The Centers for Disease Control and Prevention found that one in every five Americans reported some type of disability, as per analysis of a 2013 survey data.

Knowing the prevalence of individuals with disabilities is a crucial step in planning and implementing public health programs that can address the specific needs of patients with disabilities. In 2013, the Behavioral Risk Factor Surveillance System (BRFSS) included five parameters in their system, which encompass identifying disabilities in vision, cognition, mobility, ability to perform self-care and independent living.

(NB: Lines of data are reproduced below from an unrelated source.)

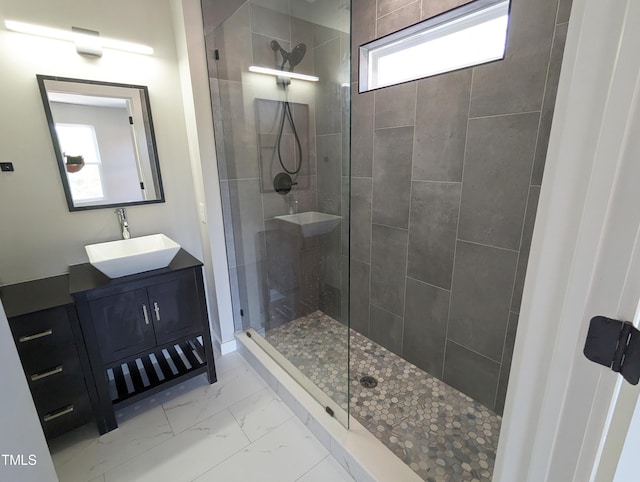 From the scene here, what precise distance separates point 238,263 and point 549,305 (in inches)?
82.1

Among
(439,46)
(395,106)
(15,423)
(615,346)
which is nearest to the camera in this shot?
(615,346)

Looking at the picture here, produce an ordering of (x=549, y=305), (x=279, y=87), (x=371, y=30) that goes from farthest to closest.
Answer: (x=279, y=87) → (x=371, y=30) → (x=549, y=305)

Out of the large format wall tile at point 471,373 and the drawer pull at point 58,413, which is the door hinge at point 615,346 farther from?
the drawer pull at point 58,413

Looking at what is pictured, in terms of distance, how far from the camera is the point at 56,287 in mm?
1669

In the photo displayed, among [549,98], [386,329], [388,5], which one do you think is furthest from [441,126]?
[386,329]

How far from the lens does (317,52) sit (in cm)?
203

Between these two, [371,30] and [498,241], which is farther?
[371,30]

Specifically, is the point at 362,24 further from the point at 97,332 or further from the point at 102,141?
the point at 97,332

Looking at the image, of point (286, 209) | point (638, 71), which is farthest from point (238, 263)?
point (638, 71)

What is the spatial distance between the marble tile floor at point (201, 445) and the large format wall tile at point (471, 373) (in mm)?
925

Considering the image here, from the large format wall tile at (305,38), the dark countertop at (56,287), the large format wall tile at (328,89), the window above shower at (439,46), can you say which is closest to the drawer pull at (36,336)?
the dark countertop at (56,287)

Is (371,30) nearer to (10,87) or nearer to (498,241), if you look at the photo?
(498,241)

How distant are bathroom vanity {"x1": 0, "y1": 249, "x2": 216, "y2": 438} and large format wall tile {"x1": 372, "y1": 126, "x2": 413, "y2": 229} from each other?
4.38 ft

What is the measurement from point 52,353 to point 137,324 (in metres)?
0.38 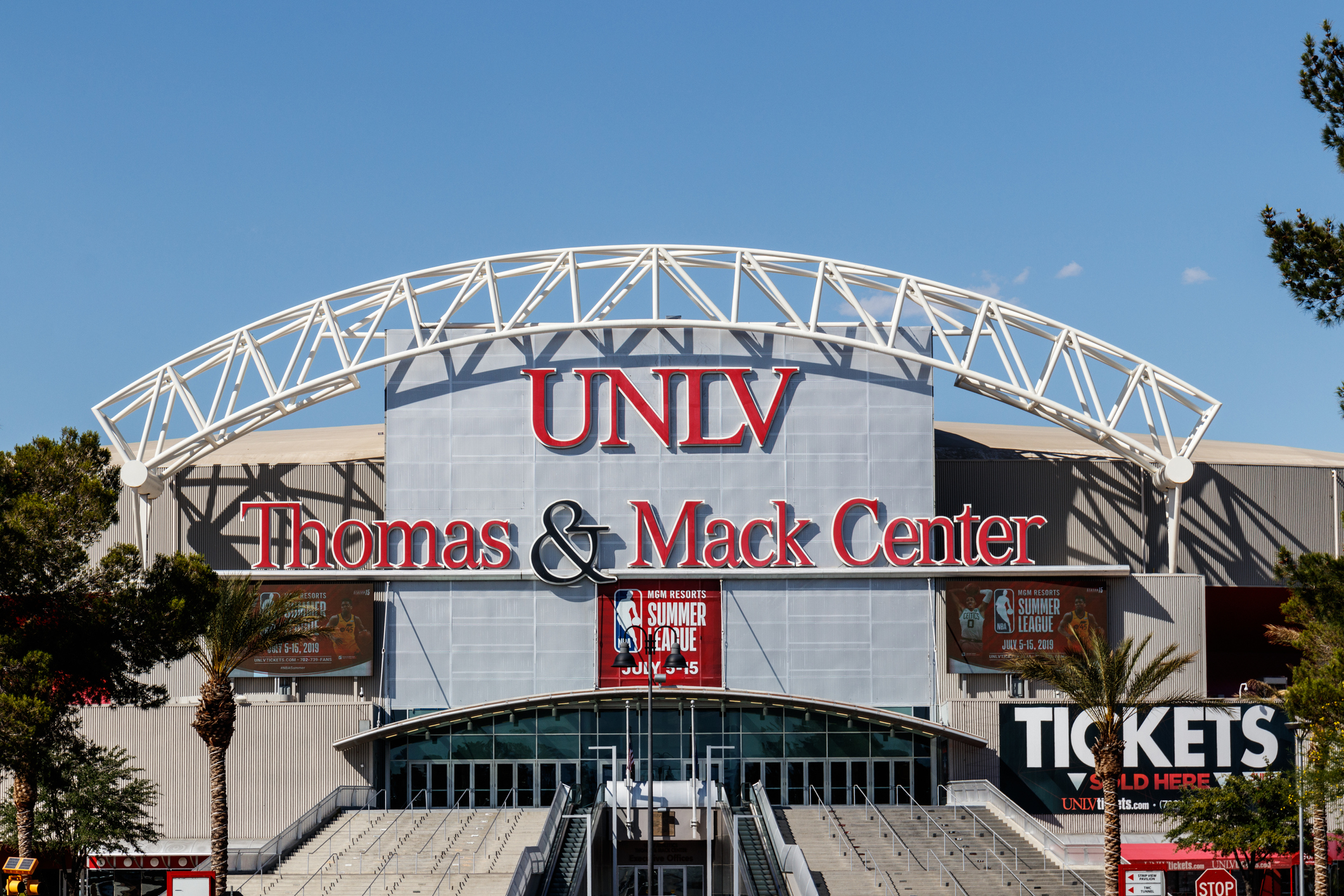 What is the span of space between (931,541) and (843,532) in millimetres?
3613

The CDC studied the information available in the 2013 BRFSS to evaluate the prevalence of any disability and disability types in US adults who are not enrolled in institutions. The BRFSS is a statewide survey performed by dialing random landline and mobile numbers of numerous US civilians aged 18 years old and above. In the 2013 survey, the members of the survey body added the five new disability types in their questionnaire. The surveyors marked the participants to "have one of the five disability types" if they answered "yes" to a significant query and "having any disability" if they responded with a "yes" to at least one of the disability questions. Responders who answered with "do not know" or "refused" were not included in the investigation. The researchers then calculated the prevalence of disability and disability types according to age group, gender, race/ ethnicity, veteran status, annual income, education level and employment status. The estimated values that the researchers have come up with were age-adjusted to the 2000 US population data.

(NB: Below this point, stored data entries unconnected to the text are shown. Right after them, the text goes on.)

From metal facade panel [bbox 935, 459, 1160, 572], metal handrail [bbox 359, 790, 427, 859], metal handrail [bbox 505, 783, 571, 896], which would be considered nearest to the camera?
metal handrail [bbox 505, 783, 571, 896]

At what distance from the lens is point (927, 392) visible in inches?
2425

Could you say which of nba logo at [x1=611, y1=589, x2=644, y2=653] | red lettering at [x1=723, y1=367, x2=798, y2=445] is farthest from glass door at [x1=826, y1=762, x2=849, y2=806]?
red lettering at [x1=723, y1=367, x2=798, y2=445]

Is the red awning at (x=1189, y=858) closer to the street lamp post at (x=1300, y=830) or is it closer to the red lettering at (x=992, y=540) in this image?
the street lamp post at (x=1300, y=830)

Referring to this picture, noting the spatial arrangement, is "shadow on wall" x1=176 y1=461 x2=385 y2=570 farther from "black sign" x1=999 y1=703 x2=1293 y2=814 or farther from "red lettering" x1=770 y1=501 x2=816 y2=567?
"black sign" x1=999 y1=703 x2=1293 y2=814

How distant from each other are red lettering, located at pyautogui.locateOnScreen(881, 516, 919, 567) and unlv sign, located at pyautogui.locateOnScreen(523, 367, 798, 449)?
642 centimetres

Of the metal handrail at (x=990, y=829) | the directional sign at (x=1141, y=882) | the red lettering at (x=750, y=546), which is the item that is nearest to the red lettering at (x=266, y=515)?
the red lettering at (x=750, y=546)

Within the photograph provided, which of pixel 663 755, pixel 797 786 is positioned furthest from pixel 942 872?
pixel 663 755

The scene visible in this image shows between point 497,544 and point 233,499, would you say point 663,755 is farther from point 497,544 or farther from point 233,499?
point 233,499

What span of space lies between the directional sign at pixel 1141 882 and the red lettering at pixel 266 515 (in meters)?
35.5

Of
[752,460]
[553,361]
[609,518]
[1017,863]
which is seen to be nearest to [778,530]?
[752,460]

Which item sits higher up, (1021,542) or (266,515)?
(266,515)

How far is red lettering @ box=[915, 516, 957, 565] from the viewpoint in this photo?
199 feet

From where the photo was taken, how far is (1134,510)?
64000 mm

The researchers found that disabilities in mobility and cognition were the most commonly reported disability types. The prevalence for each disability type range from 2.7 percent to 8.1 percent for vision, 6.9 percent to 16.8 percent for cognition, 8.5 percent to 20.7 percent for mobility, 1.9 percent to 6.2 percent for self-care and 4.2 percent to 10.8 percent for independent living. Adults living in the southern states and those who have a female gender generally exhibited higher prevalence rates compared to males. Any disability under the mobility category was mostly noted among older adults. All in all, 22.2 percent or 53,316,677 US adults were categorized to have any disability as per survey reports. The state-level prevalence of the said classification ranges from 16.4 percent in Minnesota to 31.5 percent in Alabama.

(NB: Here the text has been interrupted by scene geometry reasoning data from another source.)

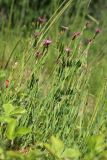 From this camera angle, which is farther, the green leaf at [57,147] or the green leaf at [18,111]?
the green leaf at [18,111]

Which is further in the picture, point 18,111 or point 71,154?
point 18,111

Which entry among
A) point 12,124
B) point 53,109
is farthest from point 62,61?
point 12,124

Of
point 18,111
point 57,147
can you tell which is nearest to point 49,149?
point 57,147

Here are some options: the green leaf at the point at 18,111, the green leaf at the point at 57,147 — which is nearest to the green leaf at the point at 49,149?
the green leaf at the point at 57,147

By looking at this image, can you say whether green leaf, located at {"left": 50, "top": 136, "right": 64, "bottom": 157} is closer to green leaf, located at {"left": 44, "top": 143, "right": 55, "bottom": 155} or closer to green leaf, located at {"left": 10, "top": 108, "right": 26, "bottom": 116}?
green leaf, located at {"left": 44, "top": 143, "right": 55, "bottom": 155}

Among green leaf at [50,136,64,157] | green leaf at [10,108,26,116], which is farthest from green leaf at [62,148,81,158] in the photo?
green leaf at [10,108,26,116]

The information collated in this analysis is said to improve the focus of public health programs based on the prevalence of disability and disability types among adults in the US. Disability has long been linked to the diversities in behavioral risk factors. The lack of knowledge about the prevalence of disability and disability types may be one reason why state programs are not able to address essential health concerns. With this, it may be said that having adequate information about the demographic profiles and disability types may help experts better determine specific health problems present and subsequently formulate or modify interventions to cater to the needs of individuals with disabilities.